A still larger foreign purchase will be the inevitable result of the forcible diversion of large quantities of Ruhr coal to France and Italy, with further financial embarrassments as a consequence.
That is bad enough. But I fear worse. Will the German miner work with the same regularity and efficiency for a foreign master as he does for a German employer? Is there the least possibility of the production being maintained at its present level?
The influence of this added muddle on world trade is incalculable. Nobody gains; everybody is a loser by the move. How is a Germany whose embarrassed finances are made still more involved—how is a Germany whose industry becomes more and more difficult—how is a Germany reduced to despair to be of the slightest use to France, Belgium, Italy, or anybody else?
The feather-headed scribes who have advocated this rash policy assume that France will be helped because Germany will thus be reduced to impotence. For how long?

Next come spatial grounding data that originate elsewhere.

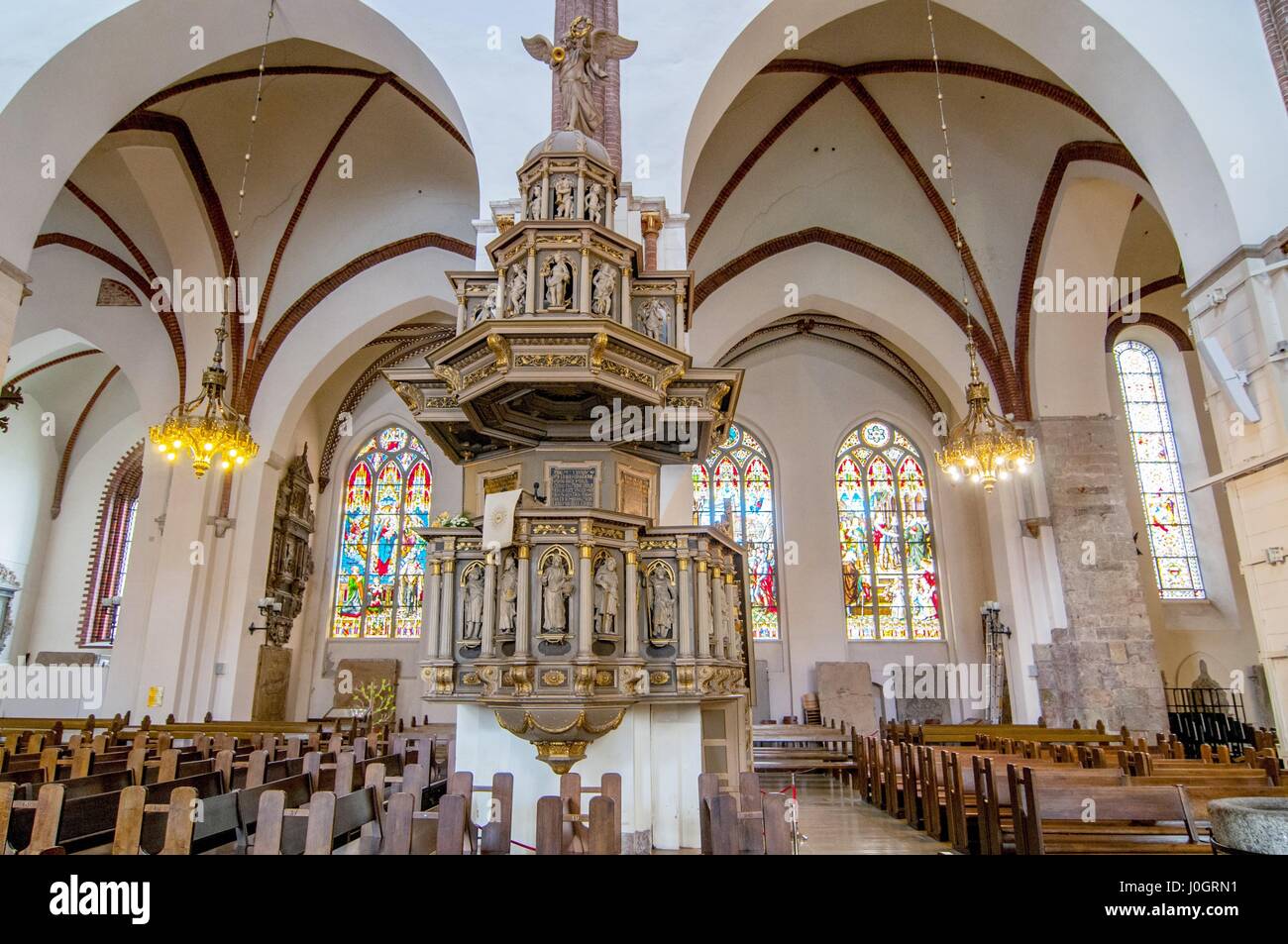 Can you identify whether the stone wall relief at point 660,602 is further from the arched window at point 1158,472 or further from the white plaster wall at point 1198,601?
the arched window at point 1158,472

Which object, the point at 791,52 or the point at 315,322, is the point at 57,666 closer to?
the point at 315,322

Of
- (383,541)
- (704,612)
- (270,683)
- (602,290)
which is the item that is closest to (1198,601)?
(704,612)

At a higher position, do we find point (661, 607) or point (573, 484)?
point (573, 484)

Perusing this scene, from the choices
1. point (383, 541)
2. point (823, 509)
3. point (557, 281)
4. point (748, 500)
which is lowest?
point (557, 281)

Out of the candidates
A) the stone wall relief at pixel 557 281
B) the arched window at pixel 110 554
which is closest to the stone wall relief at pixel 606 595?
the stone wall relief at pixel 557 281

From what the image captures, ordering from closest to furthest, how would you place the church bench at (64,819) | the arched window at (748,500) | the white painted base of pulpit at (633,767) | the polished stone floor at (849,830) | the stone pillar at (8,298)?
the church bench at (64,819)
the white painted base of pulpit at (633,767)
the polished stone floor at (849,830)
the stone pillar at (8,298)
the arched window at (748,500)

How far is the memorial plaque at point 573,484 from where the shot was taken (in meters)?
6.16

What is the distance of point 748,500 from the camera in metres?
18.1

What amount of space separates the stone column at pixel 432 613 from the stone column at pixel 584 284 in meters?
2.13

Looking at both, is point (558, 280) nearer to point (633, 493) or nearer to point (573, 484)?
point (573, 484)

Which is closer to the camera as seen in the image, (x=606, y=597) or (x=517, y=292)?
(x=606, y=597)

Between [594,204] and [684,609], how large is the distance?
11.4 ft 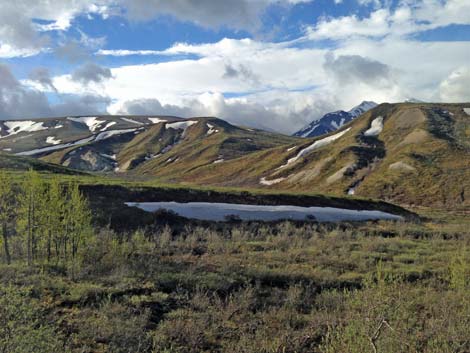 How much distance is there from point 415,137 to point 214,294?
94425mm

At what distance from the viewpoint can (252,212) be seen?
34.3m

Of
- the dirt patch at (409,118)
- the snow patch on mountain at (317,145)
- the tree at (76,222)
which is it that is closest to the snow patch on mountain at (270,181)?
the snow patch on mountain at (317,145)

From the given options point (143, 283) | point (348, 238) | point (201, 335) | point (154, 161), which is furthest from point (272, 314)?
point (154, 161)

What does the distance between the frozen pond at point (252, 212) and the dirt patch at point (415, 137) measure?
61.3 m

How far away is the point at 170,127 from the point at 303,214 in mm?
169613

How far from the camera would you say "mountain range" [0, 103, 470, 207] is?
71956 millimetres

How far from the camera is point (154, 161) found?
14825cm

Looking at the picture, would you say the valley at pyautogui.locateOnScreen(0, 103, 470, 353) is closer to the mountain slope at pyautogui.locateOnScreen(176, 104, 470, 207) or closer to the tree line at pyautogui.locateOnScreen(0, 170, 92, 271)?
the tree line at pyautogui.locateOnScreen(0, 170, 92, 271)

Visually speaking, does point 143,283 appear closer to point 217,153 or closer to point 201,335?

The disintegration of Germany is not an unlikely consequence of this move. I know that is the expectation. Frenchmen still hanker after the days when Saxons and Bavarians and Wurtembergers were allies, and almost vassals, of France against Prussia. It was the lure that led the Third Napoleon to his ruin. It is the attraction which is now drawing France once more to a sure doom. The policy will bring no security to France in the future. It deprives her of all hope of reparations in the immediate present. There will no longer be a Germany to pay. It would be too hopeless a task to attempt recovery from each of the severed states.
But what of increased security? Nothing can keep Germans permanently apart. They will, at the suitable moment reunite under more favourable conditions, freed from external as well as internal debt. France will have lost her reparations and only retained the hatred of an implacable foe become more redoubtable than ever.
How would Europe have fared in the interval whilst France was learning from events what every other country can see now? There is no knowing what will happen when a brave people of 60,000,000 find themselves faced with utter ruin. Whether they turn to the left or to the right will depend on questions of personal leadership, which are not yet determined. All we can be sure of is that they can hardly go on as they are, maintaining an honest struggle for ordered freedom and democratic self-government. The French proclamation, with its threat of "severest measures in case of recalcitrancy," is ominous of much that may happen. No people accustomed to national independence have ever been able long to tolerate a foreign yoke.
Chancellor Cuno's action is the first manifestation of the spirit of revolt. It will certainly grow in intensity. The lash will then fall, sooner or later, and Germany will be inevitably driven to desperate courses. A Communist Germany would infect Europe. European vitality is so lowered by exhaustion that it is in no condition to resist the plague. Would a reactionary Germany be much better—brooding and scheming vengeance?
Russia, with her incalculable resources of men and material, is at hand, needing all that Germany can best give and best spare. The Bolshevik leaders only require what Germany is so well fitted to supply in order to reorganise their country and convert it into the most formidable state in Europe or Asia.